Reranking
Reranking is a critical information retrieval task that evaluates a model's ability to reorder an initial candidate set of documents based on their relevance to a query. In this two-stage retrieval architecture, the reranker performs a fine-grained analysis of the candidates initially retrieved by a first-stage retriever (such as BM25 or dense retrieval models).
Applications
Reranking is commonly used in:
- Search engine optimization - Documents are reranked using cross-attention between query-document pairs
- Question-answering systems - Passage reranking improves answer selection accuracy
- E-commerce product search - Items are reranked based on user preferences and query intent
Process Overview
graph TD
A[Query] --> C[Cross-Encoder Model]
B[Candidate Documents] --> C
C --> D[Relevance Scores]
D --> E[Reranked Documents]
E --> F[Evaluation Metrics]
A -.->|Log| G[Langfuse:<br/>Ingest new traces]
E -.->|Log| G
Core Components
1. Input Requirements
- Query: Original search query text
- Candidate Documents: Initial set of documents from first-stage retrieval
- Typically top-k documents (e.g., top 100) from retrieval step
- Reduces computational overhead by reranking only promising candidates
2. Model Architecture
Cross-Encoder Models directly compare query-document pairs through the following architectures:
- MS-MARCO fine-tuned cross-encoders - BERT/RoBERTa models fine-tuned on MS-MARCO dataset for passage ranking
- Domain-specific fine-tuned BERT models - Custom models trained on specific domains
- Custom cross-encoder architectures - Purpose-built models for specific use cases
3. Ranking Process
- Encode Pairs: Process each query-document pair through cross-encoder
- Score Generation: Generate relevance scores for each pair
- Reorder: Sort documents based on cross-encoder scores
- Output: Return reranked document list
Reranking is more computationally intensive than first-stage retrieval but typically more accurate.
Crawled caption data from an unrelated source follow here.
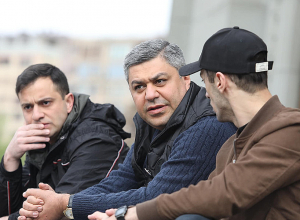 Նստացույց սկսած Վանեցյանին միացել են 44-օրյա պատերազմի երկու մասնակիցներ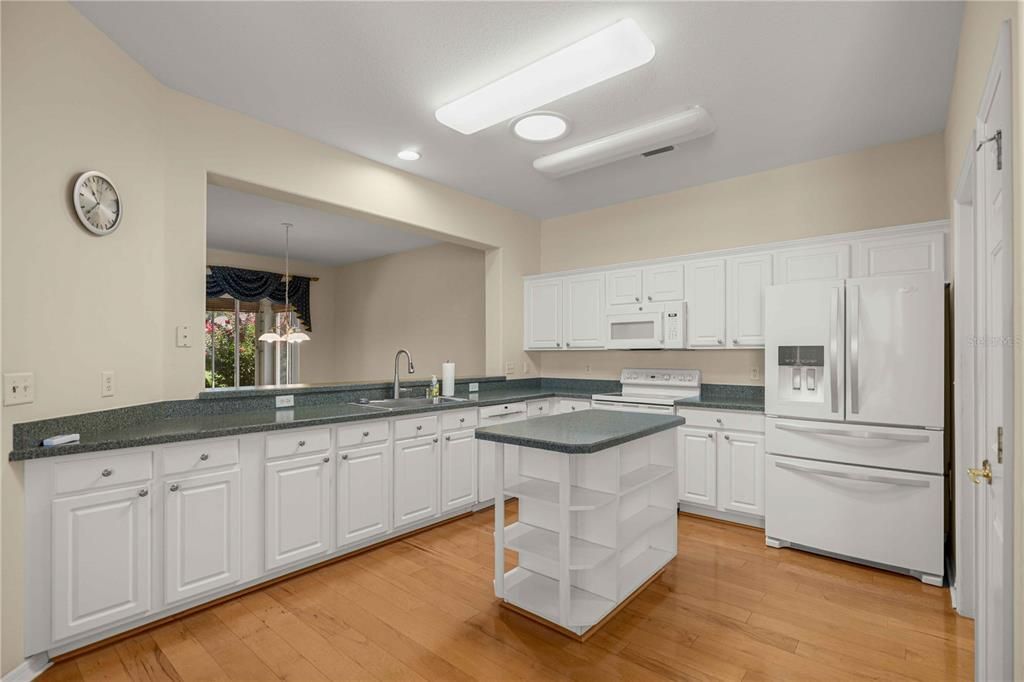 For Sale: $359,900 (2 beds, 2 baths, 1906 Square Feet)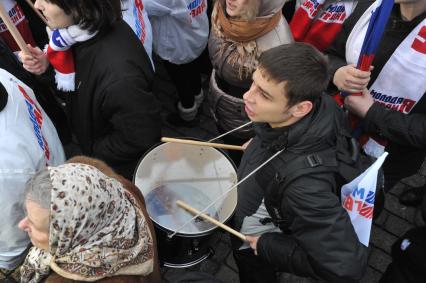 Участники митинга сторонников президента РФ Дмитрия Медведева и премьер-министра РФ Владимира Путина СЛАВА РОССИИ! на Манежной площади. 12 декабря  2011 года.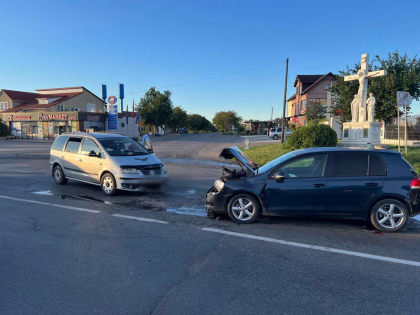 O femeie a ajuns la spital, dupa ce masina in care se afla a fost lovita de un alt automobil condus de un barbat baut, la Anenii Noi O femeie a ajuns la spital, dupa ce masina in care se afla a fost lovita de un alt automobil condus de un barbat baut, la Anenii Noi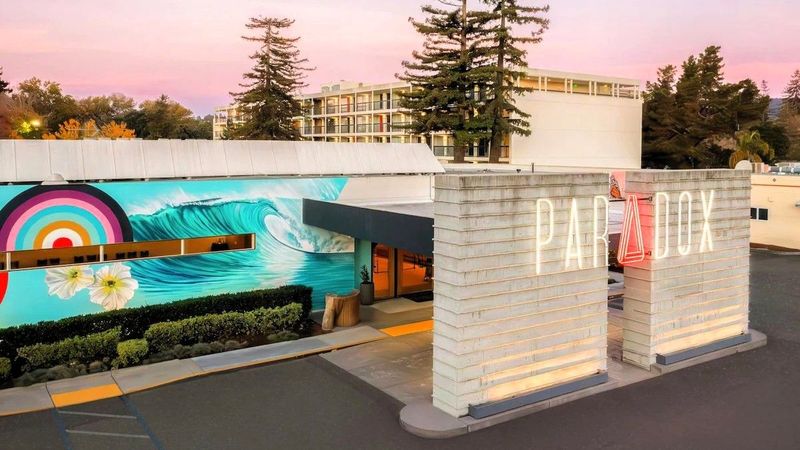 Hotel Paradox, Autograph Collection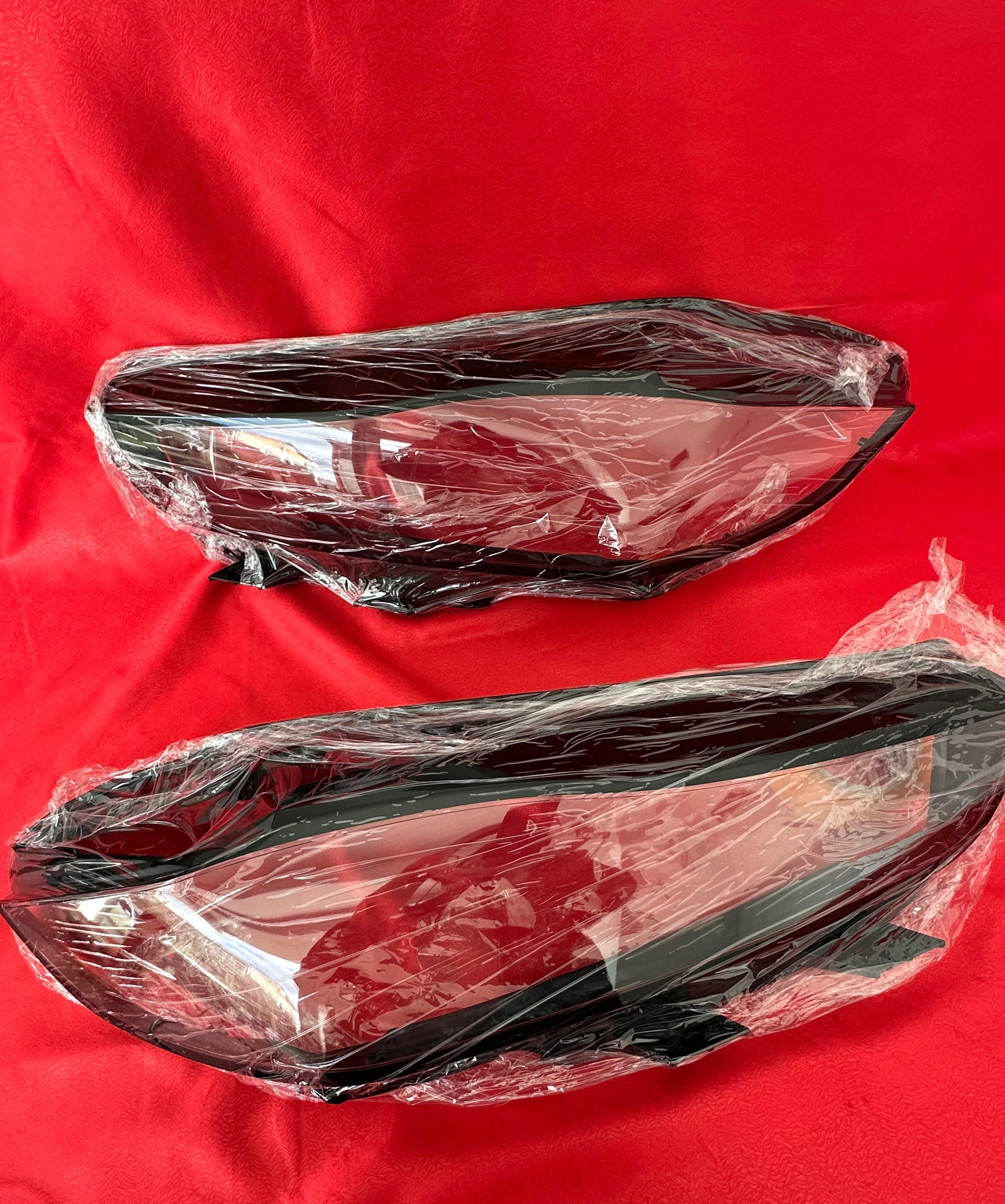 R JAGUAR XE 17-19 FAR CAMI SAĞ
This higher computational cost occurs because:
- Real-time pair processing: Cross-encoders must process query and document pairs together at inference time, preventing pre-computation of embeddings
- Linear scaling overhead: Each query requires separate processing with every candidate document, resulting in O(n) cross-attention operations
- No caching benefits: Unlike first-stage retrieval where document embeddings can be pre-computed and indexed, reranking scores must be calculated at query time
- Complex attention mechanisms: Cross-attention requires more computational resources than the simple vector similarity calculations used in first-stage retrieval
Evaluation Metrics
Reranking tasks use several key metrics to evaluate the quality of document reordering. For detailed explanations of all information retrieval metrics, see our comprehensive metrics guide.
Data Schema
| Column | Type | Description | Required |
|---|---|---|---|
query |
string |
The question/query text | ✓ |
positive |
list[string] |
List of relevant/positive documents | ✓ |
negative |
list[string] |
List of non-relevant/negative documents | ✓ |
Example Data Format
reranking_data = {
"query": "What is the capital of France?",
"positive": [
"Paris is the capital city of France.",
"The capital of France is Paris, located in the north-central part of the country."
],
"negative": [
"London is the capital of England.",
"Berlin is the capital city of Germany."
]
}
Supported Models
Two types of reranking models are supported:
-
HuggingFace embedding-based models - Only models compatible with SentenceTransformer (including SentenceTransformer, BERT, RoBERTa) are supported for embedding-based reranking.
-
API-based reranking services - Reranking model like Cohere Rerank are supported through the API integration. These can be configured by setting
reranking_method: "api"in the config file.